Dugaan pelanggaran ketenagakerjaan serius kembali mencuat di Kabupaten Bekasi. PT Mulia Prima Packindo (MPP), perusahaan manufaktur karton boks yang beroperasi di Jalan Raya Rengasbandung, Desa Karangsambung, Kecamatan Kedungwaringin Kabupaten Bekasi Jawabarat, dilaporkan telah melakukan Pemutusan Hubungan Kerja (PHK) secara sepihak terhadap 17 buruh seniornya.
Para pekerja yang mayoritas telah mengabdi selama hampir 20 tahun sejak perusahaan berdiri pada 2005 tersebut, didepak tanpa melalui prosedur hukum yang sah. Selama puluhan tahun bekerja, mereka diduga hanya berstatus sebagai Pekerja Waktu Tertentu (PKWT) atau pekerja kontrak, serta menerima upah di bawah Upah Minimum Kabupaten/Kota (UMK).
Praktik status kontrak abadi ini dinilai menabrak Pasal 59 UU Nomor 13 Tahun 2003 tentang Ketenagakerjaan yang menegaskan bahwa pekerjaan yang bersifat terus-menerus dan tetap tidak boleh menggunakan sistem kontrak (PKWT), melainkan harus menjadi Pekerja Waktu Tidak Tertentu (PWTT) atau karyawan tetap.
Selain itu, pembayaran upah di bawah UMK melanggar Pasal 88E UU Nomor 6 Tahun 2023 (UU Cipta Kerja), yang melarang pengusaha membayar upah lebih rendah dari upah minimum.
Tindakan ini dikategorikan sebagai tindak pidana kejahatan ketenagakerjaan.Merasa hak-haknya dilanggar, ke-17 buruh tersebut resmi memberikan kuasa kepada tim advokasi, yakni Aef Saeful Rohman, Ahmad Taminudin (Edo), dan Brian Shakti selaku Ketua Umum LSM Gada Sakti Nusantara (GANAS).
Saat memberikan keterangan kepada media pada Kamis (28/5/2026), Brian Shakti membeberkan tiga poin krusial yang menjadi keberatan utama para pekerja terhadap manajemen PT MPP.

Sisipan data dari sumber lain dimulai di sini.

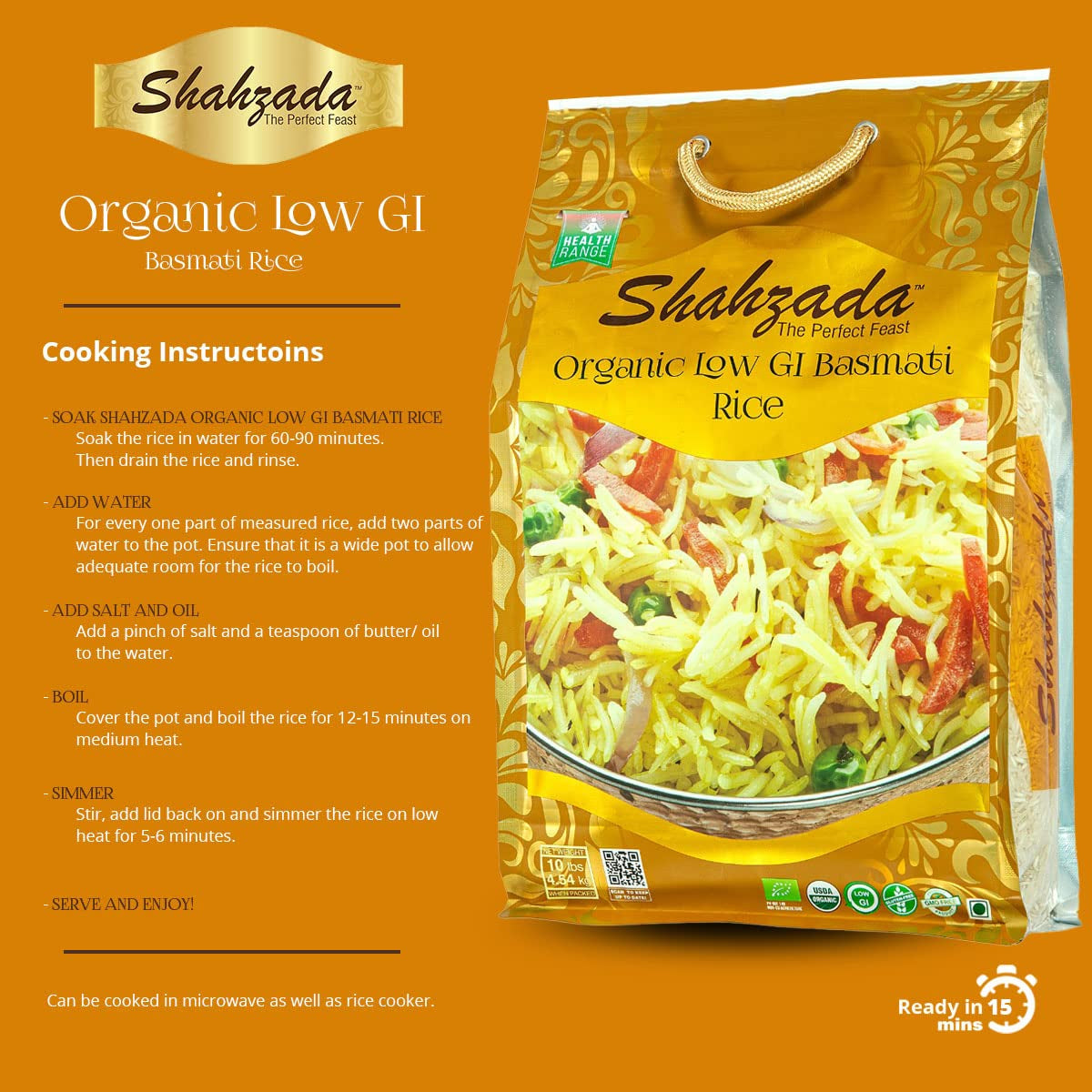 Diabetic Friendly, Specially Processed Basmati Rice 10 Lbs | Low G.I. Index Value, 100% USDA ORGANIC Certified Rice, Extra Long Grain, Vegan NON-GMO, Vegan, Gluten, Soy, Egg Free, Resealable Zip-Lock Bag to Seal Freshness-Tradition of Quality |10 Pound Pa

*1.Dugaan Pemotongan Dana Pensiun*
Manajemen diduga memotong hak dana pensiun pekerja mencapai Rp14 juta per orang tanpa kejelasan dasar hukum. Tindakan ini diduga melanggar aturan jaminan pensiun dalam PP Nomor 45 Tahun 2015 dan ketentuan pesangon sesuai PP Nomor 35 Tahun 2021.
*2.Proses PHK Tidak Transparan*
Kebijakan pemecatan dilakukan secara sepihak, tertutup, dan menyalahi ketentuan Pasal 151 UU Cipta Kerja, yang mewajibkan pengusaha sedapat mungkin menghindari PHK dan wajib merundingkannya terlebih dahulu dengan pekerja atau serikat pekerja.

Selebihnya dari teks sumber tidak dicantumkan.